BEGIN AVAILABLE DATA

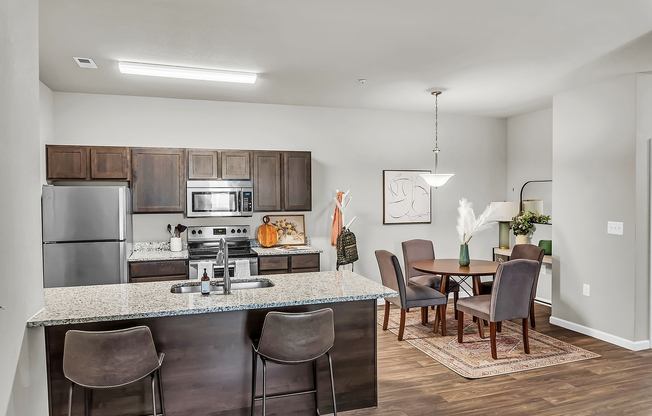 19-web-or-mls-DSC06379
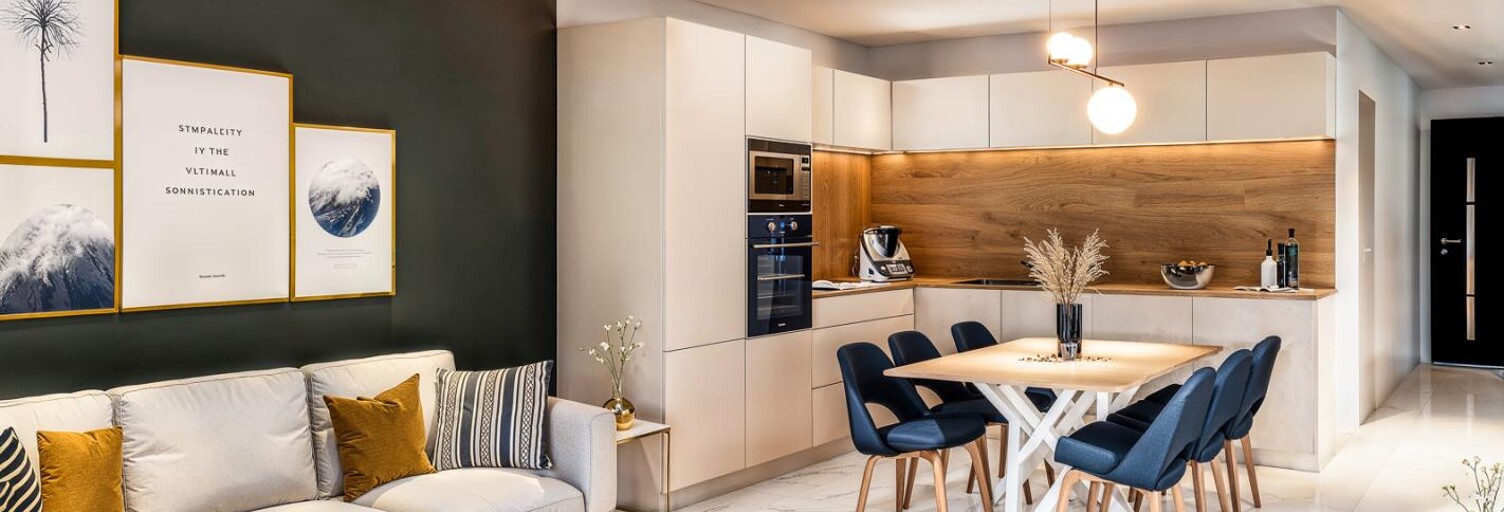 Maison 4 Pièces 63 m² à vendre à Tinténiac (35190)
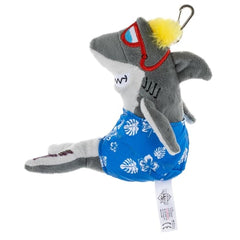 Ron Jon Surf Cruiser Backpack Clip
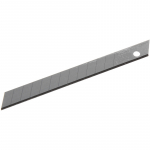 Noa varuterad 9mm 10x1; 0-11-300 STANLEY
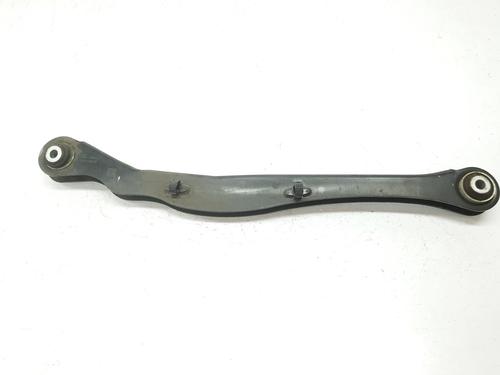 Left rear suspension arm BMW X2 (F39) sDrive 18 d | BP14107374M14 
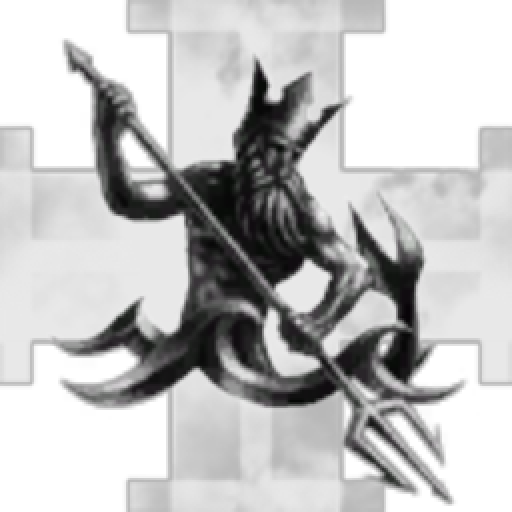 Crabtown and Company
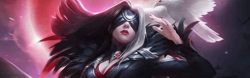Mobile Legends 시즌 21 최고의 영웅 범위 3개!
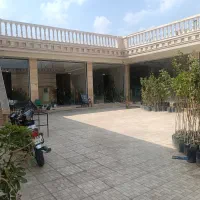 مغازه در خیام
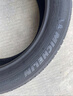 米其林輪胎255/45R20 攬途3 101W AO1奧迪Q5/DT紅旗 問(wèn)界 奔馳 普通胎 255/45R20 曬單實(shí)拍圖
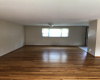 20 Berkley Drive Athens, Ohio 45701, 3 Bedrooms Bedrooms, ,1 BathroomBathrooms,Apartment,For Rent,Berkley,1089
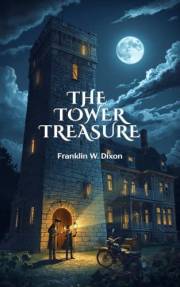 The Tower Treasure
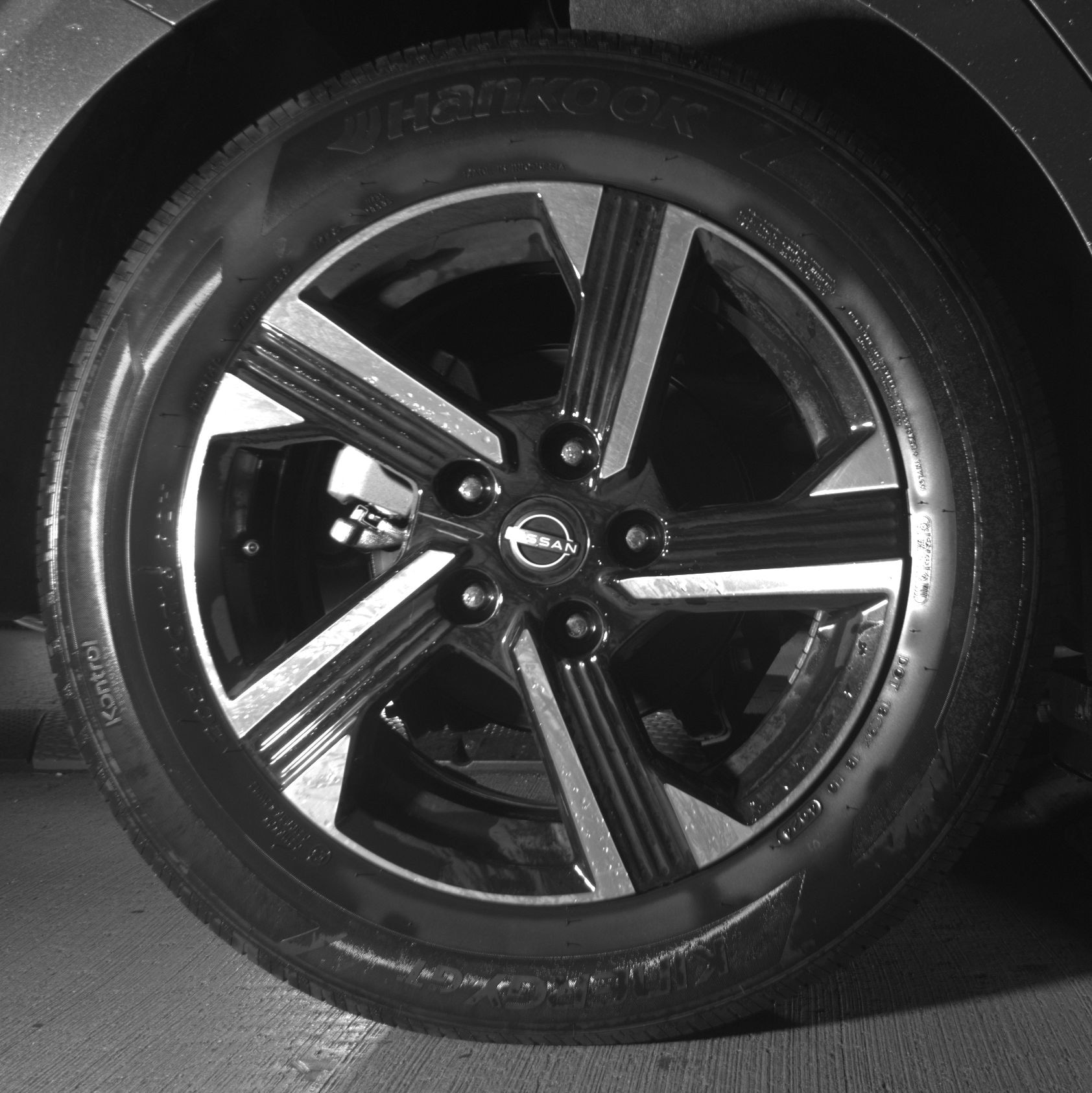 Thumbnail: 2025 Nissan Sentra - 12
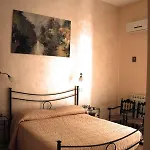 Panzió Domus Cicerone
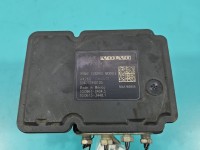 Pompa abs Volvo S80 II 30761115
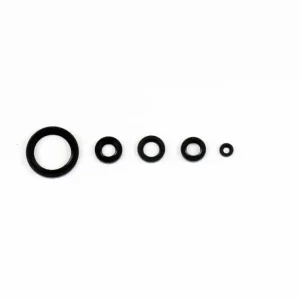 ATHENA sada gufer motoru HONDA TRX 700XX 08-09 Originální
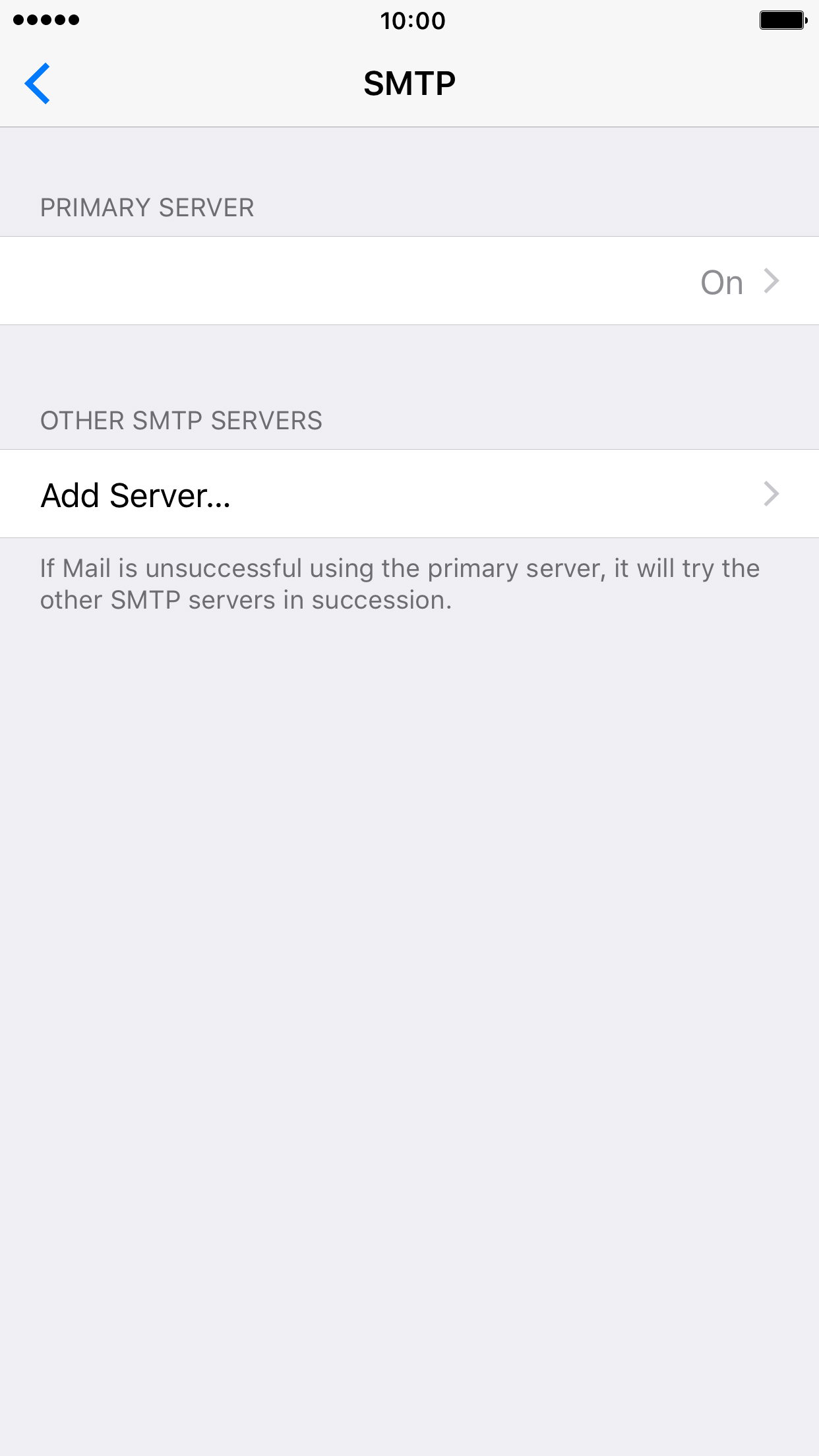 Telstra deals iphone 6 plus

END AVAILABLE DATA

From the records above, copy only the lines running from the line containing "Left rear suspension" to the line containing "Pompa abs Volvo S80 II 30761115", both ends included. Leave the pictures out.

 Left rear suspension arm BMW X2 (F39) sDrive 18 d | BP14107374M14 
 Crabtown and Company
Mobile Legends 시즌 21 최고의 영웅 범위 3개!
 مغازه در خیام
 米其林輪胎255/45R20 攬途3 101W AO1奧迪Q5/DT紅旗 問(wèn)界 奔馳 普通胎 255/45R20 曬單實(shí)拍圖
 20 Berkley Drive Athens, Ohio 45701, 3 Bedrooms Bedrooms, ,1 BathroomBathrooms,Apartment,For Rent,Berkley,1089
 The Tower Treasure
 Thumbnail: 2025 Nissan Sentra - 12
 Panzió Domus Cicerone
 Pompa abs Volvo S80 II 30761115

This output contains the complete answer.